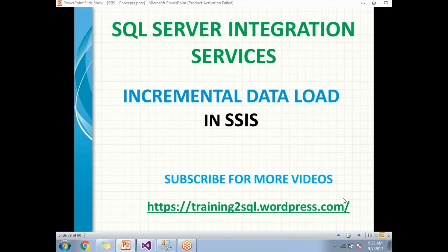Hi all, let's talk about incremental data load in SSIS. Incremental data load in SSIS can be done in multiple ways - we can do with transformations, we can do with slowly changing dimensions, and we can do with SQL Server merge commands.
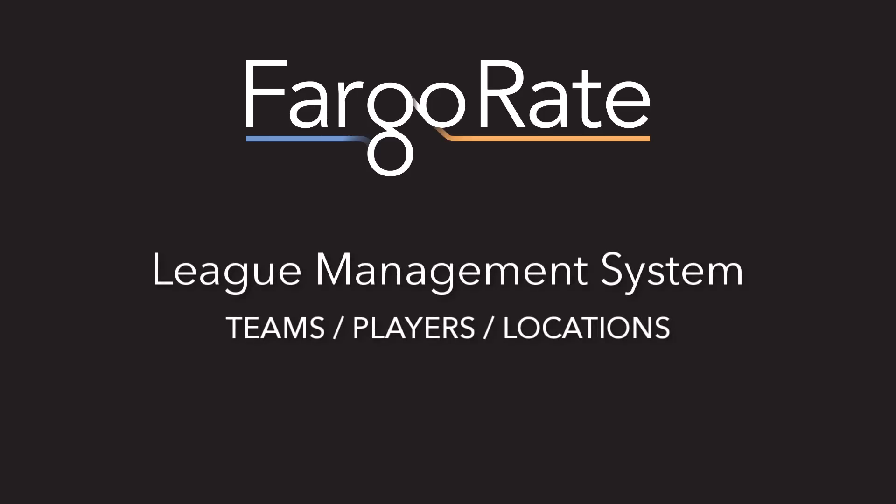Welcome to the tutorial series for FargoRate's League Management System. I'm Steve Ernst with FargoRate and I'll be your guide as we take a look at modifying an existing division within LMS.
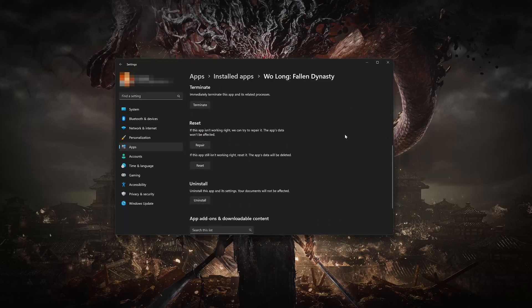Look for the Reset section. If Wo Long Fallen Dynasty isn't working right, you can try to repair it. The Wo Long Fallen Dynasty data won't be affected. Now press Repair.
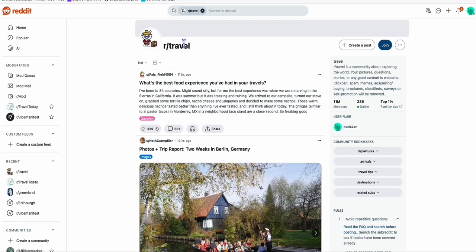So you see right here, we've got the subreddit called travel. This is a very popular subreddit here with 11 million members.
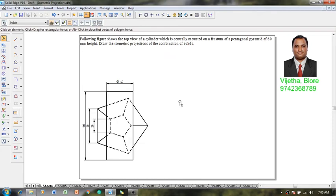Hi guys, greetings. Myself Vijay Tavadana, and in this session I am going to show you an example problem on isometric projection.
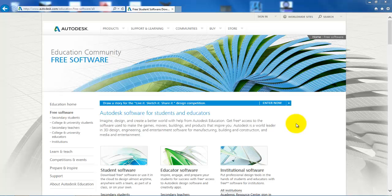Hi guys and welcome to this tutorial on where to download free software from Autodesk website. If you click on the link that I have provided underneath the tutorial on YouTube, you will get to this website.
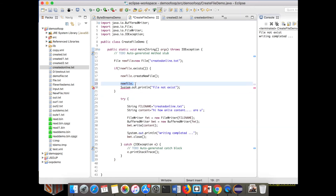In Part 1 we saw basic I/O operations — how to read data in different formats using Java interfaces and API classes. In this section we have seen the File class and used it to perform various operations on files. Thank you for watching the tutorial, have a great day.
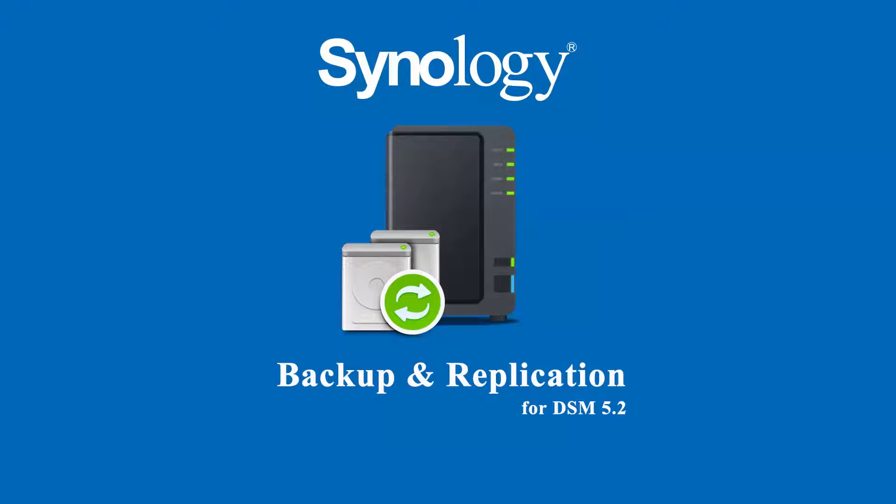Hi, I'm Connie from Synology. In this video, we are going to see how to use multi-version backup to save your data and modifications at different points of time.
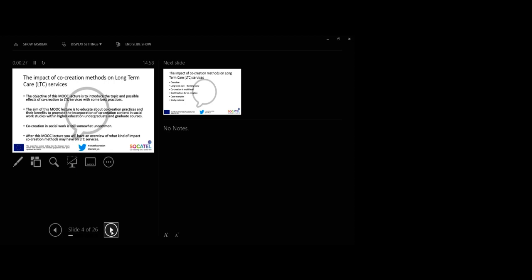The impact of co-creation methods in long-term care LTC services. The objective of this mock lecture is to introduce the topic and possible effects of co-creation to LTC services with some best practices. The aim is to educate about co-creation practices and their benefits to promote the incorporation of co-creation content in social work studies within higher education undergraduate and graduate courses.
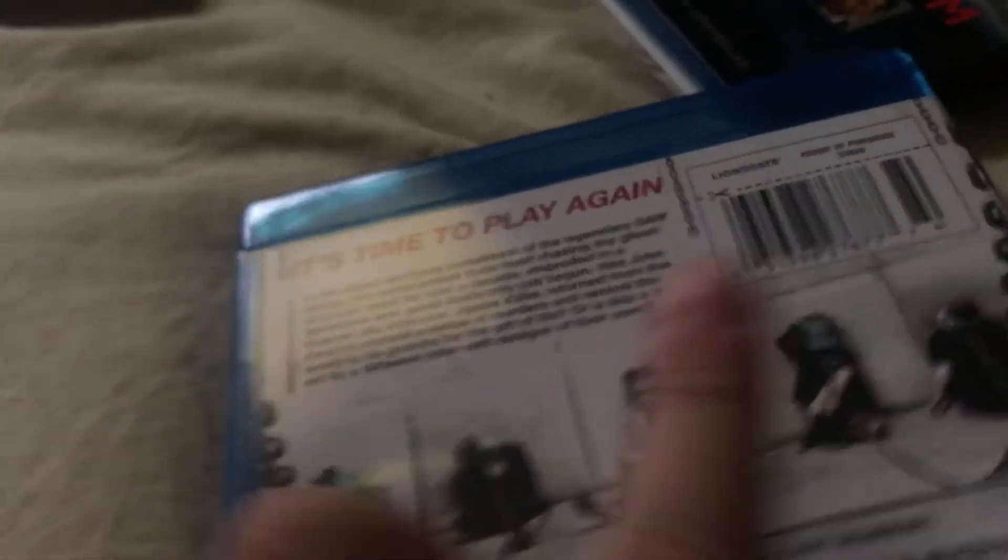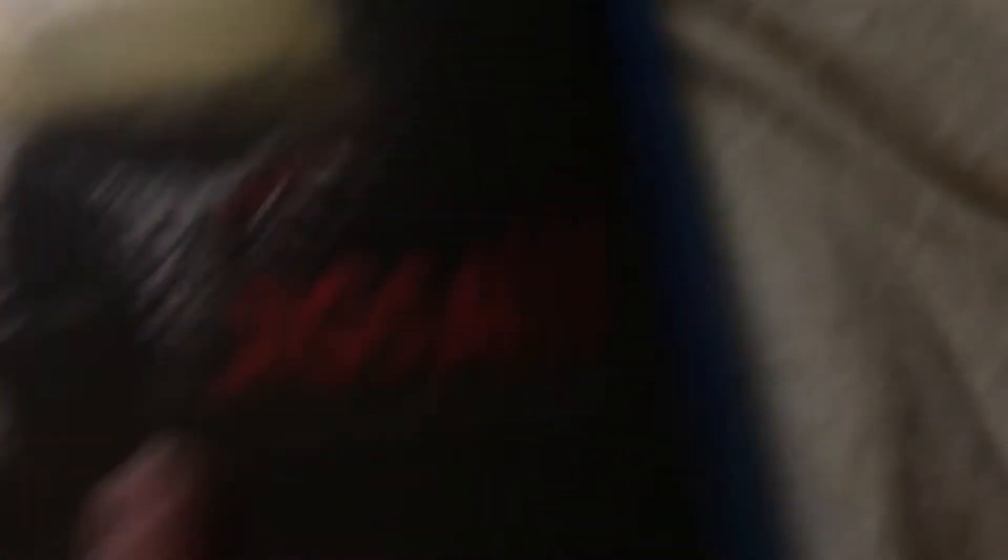On the back, it's time to play again. Jigsaw, the game continues, and I'm so happy I got this. I expected the cover to be a pig cover, but it's not.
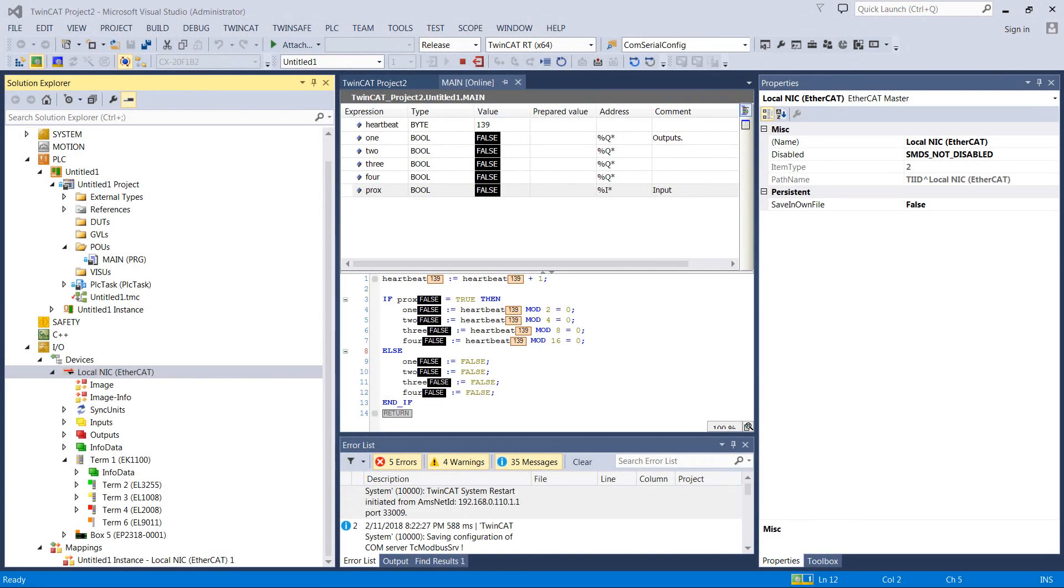Alright everyone, welcome back. This is episode number 6 of Learning Motion Control with Beckhoff PLCs.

────────

◆ EXERCISE OBJECTIVE: Pictures are to be omitted from the copy, and only the lines from the one containing "Hi guys and" through the final line of the listing above are to be written out exactly.

◆ OUTPUT OF THE TASK:
Hi guys and welcome to this tutorial on where to download free software from Autodesk website. If you click on the link that I have provided underneath the tutorial on YouTube, you will get to this website.
In Part 1 we saw basic I/O operations — how to read data in different formats using Java interfaces and API classes. In this section we have seen the File class and used it to perform various operations on files. Thank you for watching the tutorial, have a great day.
Hi, I'm Connie from Synology. In this video, we are going to see how to use multi-version backup to save your data and modifications at different points of time.
The impact of co-creation methods in long-term care LTC services. The objective of this mock lecture is to introduce the topic and possible effects of co-creation to LTC services with some best practices. The aim is to educate about co-creation practices and their benefits to promote the incorporation of co-creation content in social work studies within higher education undergraduate and graduate courses.
On the back, it's time to play again. Jigsaw, the game continues, and I'm so happy I got this. I expected the cover to be a pig cover, but it's not.
Alright everyone, welcome back. This is episode number 6 of Learning Motion Control with Beckhoff PLCs.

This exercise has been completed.